Postmortem: Four Copies of the Same HTML File Became Four Different Codebases

2026-06-04

TLDR

Four domain pages (electrical, construction, software, floorplan) each had a full copy of the editor's 900-line HTML. A canvas bug fixed in the electrical copy was not applied to the floorplan copy. It was discovered three weeks later during a demo. The fix: a web component so the copies become 15-line shells.


The Assumption That Seemed Reasonable

The four domains were different enough to justify separate pages. Electrical diagrams needed electrical symbols and orthogonal wire routing. Construction layouts needed different snap grids and different export formats. Starting from one working page and copying it for each domain was the fastest path to four working pages.

The expectation was that the copies would stay "mostly the same" because the core canvas logic was unchanged. Domain customization was only in the palette and the config values.

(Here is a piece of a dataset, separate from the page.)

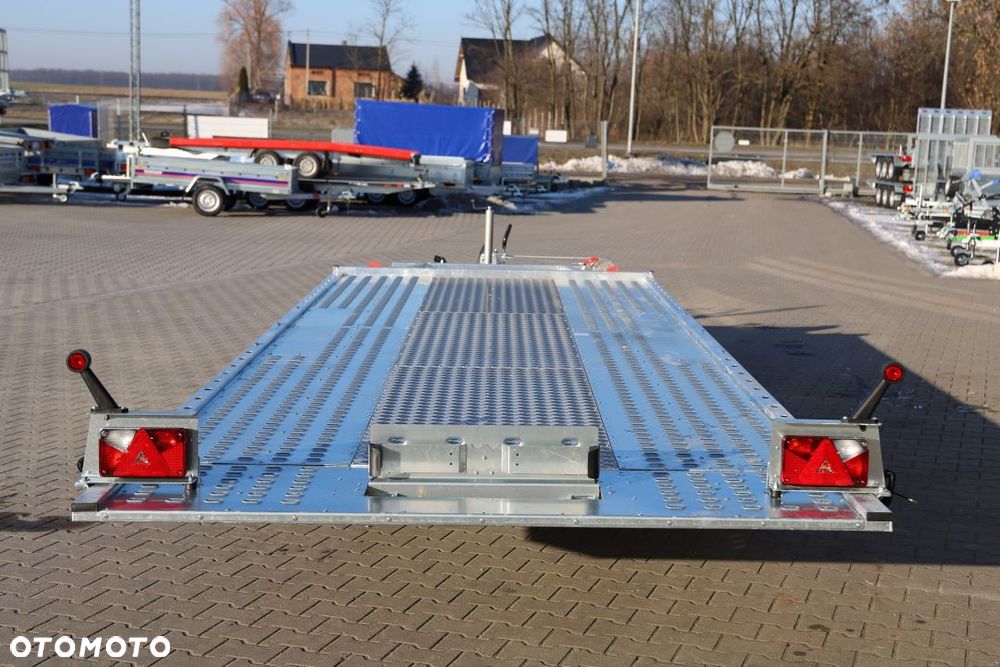 TEMARED /MARTZ CARKEEPER 5820/3 3,5T 580x207cm, Uchylna hydraulicznie , Wypełnienie blachą alu, 3 osie, DMC 3500kg ,koła 10C - 6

This expectation was incorrect. The copies did not stay mostly the same. They diverged on the third day when a UI fix was applied to the electrical copy without copying it to the others.

When It Failed

Six weeks in, the floorplan domain had a canvas rendering bug: elements placed near the right edge of the viewport would snap to the wrong position after a pan. The bug was caused by an off-by-one error in the snap grid calculation.

The same bug had existed in the electrical domain three weeks earlier. It was fixed in a 10-line change to the canvas engine. The fix was committed with the message "fixed snap grid offset." The electrical domain worked correctly after that.

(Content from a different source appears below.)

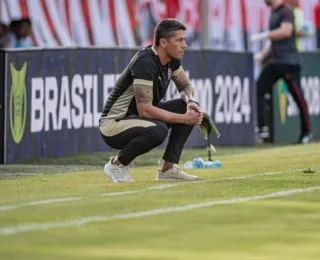 Árbitro revela motivo da expulsão de Thiago Carpini no clássico Ba-Vi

The floorplan copy of the canvas engine was not updated because the commit touched only the electrical file. Nobody was tracking which changes applied to all copies. The snap grid fix was electrical-specific from the commit's perspective, even though the underlying code was identical.

The bug was found by a user during a demo. The fix was applied in five minutes. The post-mortem question: what other fixes from the electrical domain had not been applied to the other three?

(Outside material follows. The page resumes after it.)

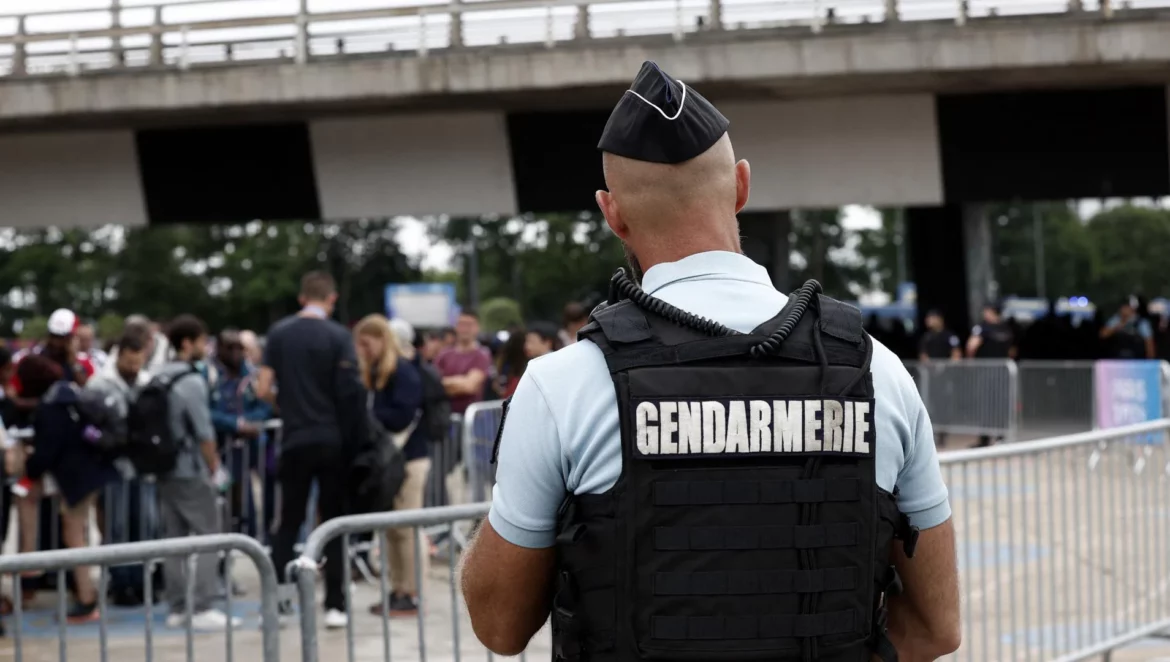 Desalojan un aeropuerto francés por un falso aviso de bomba horas después de un sabotaje a la red ferroviaria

The answer was three fixes and one feature addition, identified by diffing the four files against each other. Two of the fixes were minor. One was a security fix to a postMessage handler.

What Was Actually Wrong

Four separate files meant four separate targets for every change. The process required developers to manually track which changes applied to all copies and apply them to each. This process was not written down, not enforced by tooling, and not part of any review checklist.

The copies diverged not through neglect but through a reasonable assumption: "this change is domain-specific, it does not need to be applied to the others." This assumption was correct for domain-specific changes and incorrect for shared canvas changes. The two types of changes were not structurally distinguishable because they lived in the same file.

What Got Deleted

The four domain-specific copies of the 900-line HTML: electrical/index.html, construction/index.html, software/index.html, floorplan/index.html. Each was replaced by a 15-line shell that imported the component and passed a domain attribute.

Also deleted: the manual sync process, which was not written down but had been followed inconsistently for six weeks.

What Replaced It

A <schema-editor> web component encapsulates all canvas logic. Domain pages are thin hosts. Every change to the canvas engine applies to all domains automatically because there is one canvas engine file. Domain-specific configuration lives in a data object inside the component. Adding a new domain requires adding a config entry and a new 15-line host page.

The first regression since the refactor: zero. The reason is structural. There is nothing to keep in sync.

The Lesson

The moment you make a second copy of a working file, you have created a sync obligation. If you do not enforce that obligation with tooling (a shared module, a component, a build system), the copies will drift. The question is not whether they will drift but how long before you notice.